__Problem__: Below are the records. Transcribe them exactly.

__Data provided__:
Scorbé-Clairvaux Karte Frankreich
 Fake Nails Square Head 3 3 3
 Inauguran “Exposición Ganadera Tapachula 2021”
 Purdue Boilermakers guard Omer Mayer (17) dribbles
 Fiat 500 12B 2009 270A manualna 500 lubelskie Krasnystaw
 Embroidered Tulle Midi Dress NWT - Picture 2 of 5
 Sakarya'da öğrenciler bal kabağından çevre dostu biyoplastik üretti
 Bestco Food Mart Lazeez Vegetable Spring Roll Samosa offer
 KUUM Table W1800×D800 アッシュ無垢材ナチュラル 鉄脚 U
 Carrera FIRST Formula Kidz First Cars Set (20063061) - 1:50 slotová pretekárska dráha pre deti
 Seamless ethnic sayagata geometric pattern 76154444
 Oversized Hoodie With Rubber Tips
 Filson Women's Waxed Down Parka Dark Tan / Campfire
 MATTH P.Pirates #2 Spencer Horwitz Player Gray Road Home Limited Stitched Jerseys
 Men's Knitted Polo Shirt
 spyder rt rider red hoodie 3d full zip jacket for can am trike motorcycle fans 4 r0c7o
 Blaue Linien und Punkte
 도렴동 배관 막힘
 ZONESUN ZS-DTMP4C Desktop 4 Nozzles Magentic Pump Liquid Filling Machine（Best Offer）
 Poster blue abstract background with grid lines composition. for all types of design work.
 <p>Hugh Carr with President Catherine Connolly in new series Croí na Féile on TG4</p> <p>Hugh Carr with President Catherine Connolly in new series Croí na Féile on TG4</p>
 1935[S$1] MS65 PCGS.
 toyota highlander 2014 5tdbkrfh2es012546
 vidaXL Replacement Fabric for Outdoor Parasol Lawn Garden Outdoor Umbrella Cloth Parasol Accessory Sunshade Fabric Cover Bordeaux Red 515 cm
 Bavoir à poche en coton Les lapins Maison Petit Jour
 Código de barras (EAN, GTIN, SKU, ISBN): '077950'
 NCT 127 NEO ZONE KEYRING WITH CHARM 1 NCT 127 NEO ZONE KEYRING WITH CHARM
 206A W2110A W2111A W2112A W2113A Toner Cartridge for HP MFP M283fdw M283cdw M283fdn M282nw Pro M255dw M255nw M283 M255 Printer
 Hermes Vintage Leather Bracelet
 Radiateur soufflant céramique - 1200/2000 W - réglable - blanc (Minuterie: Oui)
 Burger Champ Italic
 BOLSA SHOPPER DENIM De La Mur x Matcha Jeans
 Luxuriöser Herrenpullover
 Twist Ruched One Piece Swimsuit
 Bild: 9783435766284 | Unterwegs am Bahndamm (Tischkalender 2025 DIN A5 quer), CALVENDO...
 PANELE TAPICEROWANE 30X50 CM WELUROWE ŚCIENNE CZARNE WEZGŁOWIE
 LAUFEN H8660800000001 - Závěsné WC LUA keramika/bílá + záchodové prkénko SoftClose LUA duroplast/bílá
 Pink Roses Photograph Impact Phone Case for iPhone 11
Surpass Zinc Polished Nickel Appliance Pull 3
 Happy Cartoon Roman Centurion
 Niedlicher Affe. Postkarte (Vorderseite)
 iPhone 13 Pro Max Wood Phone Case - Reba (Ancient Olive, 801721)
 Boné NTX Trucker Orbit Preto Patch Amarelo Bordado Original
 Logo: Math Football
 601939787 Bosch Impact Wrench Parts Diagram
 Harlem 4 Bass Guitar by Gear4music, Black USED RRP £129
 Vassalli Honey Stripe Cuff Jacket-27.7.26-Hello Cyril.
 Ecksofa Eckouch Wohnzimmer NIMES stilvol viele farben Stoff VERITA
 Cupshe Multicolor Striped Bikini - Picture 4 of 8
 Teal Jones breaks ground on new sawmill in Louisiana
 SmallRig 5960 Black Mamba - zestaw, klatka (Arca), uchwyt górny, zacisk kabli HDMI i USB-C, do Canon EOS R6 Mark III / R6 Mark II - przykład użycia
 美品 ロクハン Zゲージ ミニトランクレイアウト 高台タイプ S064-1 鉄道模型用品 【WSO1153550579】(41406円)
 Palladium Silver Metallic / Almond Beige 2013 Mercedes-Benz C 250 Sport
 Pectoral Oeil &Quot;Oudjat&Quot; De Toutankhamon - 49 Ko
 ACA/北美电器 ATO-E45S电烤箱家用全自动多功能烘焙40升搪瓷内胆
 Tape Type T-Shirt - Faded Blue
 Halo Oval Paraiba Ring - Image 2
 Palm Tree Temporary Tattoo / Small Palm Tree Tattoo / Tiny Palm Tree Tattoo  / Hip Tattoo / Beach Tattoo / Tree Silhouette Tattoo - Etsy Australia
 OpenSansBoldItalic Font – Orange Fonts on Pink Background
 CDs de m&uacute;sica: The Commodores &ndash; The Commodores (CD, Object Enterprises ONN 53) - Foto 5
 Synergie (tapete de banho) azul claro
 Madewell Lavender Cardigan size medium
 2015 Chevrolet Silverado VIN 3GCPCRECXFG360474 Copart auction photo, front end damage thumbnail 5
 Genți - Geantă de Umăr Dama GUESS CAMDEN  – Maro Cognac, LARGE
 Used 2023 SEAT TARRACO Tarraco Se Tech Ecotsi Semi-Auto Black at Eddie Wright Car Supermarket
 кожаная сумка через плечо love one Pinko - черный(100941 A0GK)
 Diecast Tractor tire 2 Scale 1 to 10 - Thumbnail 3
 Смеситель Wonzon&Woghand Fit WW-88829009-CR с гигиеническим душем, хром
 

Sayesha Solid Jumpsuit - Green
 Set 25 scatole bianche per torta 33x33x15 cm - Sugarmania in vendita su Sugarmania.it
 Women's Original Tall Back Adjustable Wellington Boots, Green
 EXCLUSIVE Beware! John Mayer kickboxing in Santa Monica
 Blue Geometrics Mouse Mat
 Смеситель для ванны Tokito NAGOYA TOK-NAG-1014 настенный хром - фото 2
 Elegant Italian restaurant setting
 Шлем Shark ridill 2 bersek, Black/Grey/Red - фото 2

__Answer box__:
Scorbé-Clairvaux Karte Frankreich
 Fake Nails Square Head 3 3 3
 Inauguran “Exposición Ganadera Tapachula 2021”
 Purdue Boilermakers guard Omer Mayer (17) dribbles
 Fiat 500 12B 2009 270A manualna 500 lubelskie Krasnystaw
 Embroidered Tulle Midi Dress NWT - Picture 2 of 5
 Sakarya'da öğrenciler bal kabağından çevre dostu biyoplastik üretti
 Bestco Food Mart Lazeez Vegetable Spring Roll Samosa offer
 KUUM Table W1800×D800 アッシュ無垢材ナチュラル 鉄脚 U
 Carrera FIRST Formula Kidz First Cars Set (20063061) - 1:50 slotová pretekárska dráha pre deti
 Seamless ethnic sayagata geometric pattern 76154444
 Oversized Hoodie With Rubber Tips
 Filson Women's Waxed Down Parka Dark Tan / Campfire
 MATTH P.Pirates #2 Spencer Horwitz Player Gray Road Home Limited Stitched Jerseys
 Men's Knitted Polo Shirt
 spyder rt rider red hoodie 3d full zip jacket for can am trike motorcycle fans 4 r0c7o
 Blaue Linien und Punkte
 도렴동 배관 막힘
 ZONESUN ZS-DTMP4C Desktop 4 Nozzles Magentic Pump Liquid Filling Machine（Best Offer）
 Poster blue abstract background with grid lines composition. for all types of design work.
 <p>Hugh Carr with President Catherine Connolly in new series Croí na Féile on TG4</p> <p>Hugh Carr with President Catherine Connolly in new series Croí na Féile on TG4</p>
 1935[S$1] MS65 PCGS.
 toyota highlander 2014 5tdbkrfh2es012546
 vidaXL Replacement Fabric for Outdoor Parasol Lawn Garden Outdoor Umbrella Cloth Parasol Accessory Sunshade Fabric Cover Bordeaux Red 515 cm
 Bavoir à poche en coton Les lapins Maison Petit Jour
 Código de barras (EAN, GTIN, SKU, ISBN): '077950'
 NCT 127 NEO ZONE KEYRING WITH CHARM 1 NCT 127 NEO ZONE KEYRING WITH CHARM
 206A W2110A W2111A W2112A W2113A Toner Cartridge for HP MFP M283fdw M283cdw M283fdn M282nw Pro M255dw M255nw M283 M255 Printer
 Hermes Vintage Leather Bracelet
 Radiateur soufflant céramique - 1200/2000 W - réglable - blanc (Minuterie: Oui)
 Burger Champ Italic
 BOLSA SHOPPER DENIM De La Mur x Matcha Jeans
 Luxuriöser Herrenpullover
 Twist Ruched One Piece Swimsuit
 Bild: 9783435766284 | Unterwegs am Bahndamm (Tischkalender 2025 DIN A5 quer), CALVENDO...
 PANELE TAPICEROWANE 30X50 CM WELUROWE ŚCIENNE CZARNE WEZGŁOWIE
 LAUFEN H8660800000001 - Závěsné WC LUA keramika/bílá + záchodové prkénko SoftClose LUA duroplast/bílá
 Pink Roses Photograph Impact Phone Case for iPhone 11
Surpass Zinc Polished Nickel Appliance Pull 3
 Happy Cartoon Roman Centurion
 Niedlicher Affe. Postkarte (Vorderseite)
 iPhone 13 Pro Max Wood Phone Case - Reba (Ancient Olive, 801721)
 Boné NTX Trucker Orbit Preto Patch Amarelo Bordado Original
 Logo: Math Football
 601939787 Bosch Impact Wrench Parts Diagram
 Harlem 4 Bass Guitar by Gear4music, Black USED RRP £129
 Vassalli Honey Stripe Cuff Jacket-27.7.26-Hello Cyril.
 Ecksofa Eckouch Wohnzimmer NIMES stilvol viele farben Stoff VERITA
 Cupshe Multicolor Striped Bikini - Picture 4 of 8
 Teal Jones breaks ground on new sawmill in Louisiana
 SmallRig 5960 Black Mamba - zestaw, klatka (Arca), uchwyt górny, zacisk kabli HDMI i USB-C, do Canon EOS R6 Mark III / R6 Mark II - przykład użycia
 美品 ロクハン Zゲージ ミニトランクレイアウト 高台タイプ S064-1 鉄道模型用品 【WSO1153550579】(41406円)
 Palladium Silver Metallic / Almond Beige 2013 Mercedes-Benz C 250 Sport
 Pectoral Oeil &Quot;Oudjat&Quot; De Toutankhamon - 49 Ko
 ACA/北美电器 ATO-E45S电烤箱家用全自动多功能烘焙40升搪瓷内胆
 Tape Type T-Shirt - Faded Blue
 Halo Oval Paraiba Ring - Image 2
 Palm Tree Temporary Tattoo / Small Palm Tree Tattoo / Tiny Palm Tree Tattoo  / Hip Tattoo / Beach Tattoo / Tree Silhouette Tattoo - Etsy Australia
 OpenSansBoldItalic Font – Orange Fonts on Pink Background
 CDs de m&uacute;sica: The Commodores &ndash; The Commodores (CD, Object Enterprises ONN 53) - Foto 5
 Synergie (tapete de banho) azul claro
 Madewell Lavender Cardigan size medium
 2015 Chevrolet Silverado VIN 3GCPCRECXFG360474 Copart auction photo, front end damage thumbnail 5
 Genți - Geantă de Umăr Dama GUESS CAMDEN  – Maro Cognac, LARGE
 Used 2023 SEAT TARRACO Tarraco Se Tech Ecotsi Semi-Auto Black at Eddie Wright Car Supermarket
 кожаная сумка через плечо love one Pinko - черный(100941 A0GK)
 Diecast Tractor tire 2 Scale 1 to 10 - Thumbnail 3
 Смеситель Wonzon&Woghand Fit WW-88829009-CR с гигиеническим душем, хром
 

Sayesha Solid Jumpsuit - Green
 Set 25 scatole bianche per torta 33x33x15 cm - Sugarmania in vendita su Sugarmania.it
 Women's Original Tall Back Adjustable Wellington Boots, Green
 EXCLUSIVE Beware! John Mayer kickboxing in Santa Monica
 Blue Geometrics Mouse Mat
 Смеситель для ванны Tokito NAGOYA TOK-NAG-1014 настенный хром - фото 2
 Elegant Italian restaurant setting
 Шлем Shark ridill 2 bersek, Black/Grey/Red - фото 2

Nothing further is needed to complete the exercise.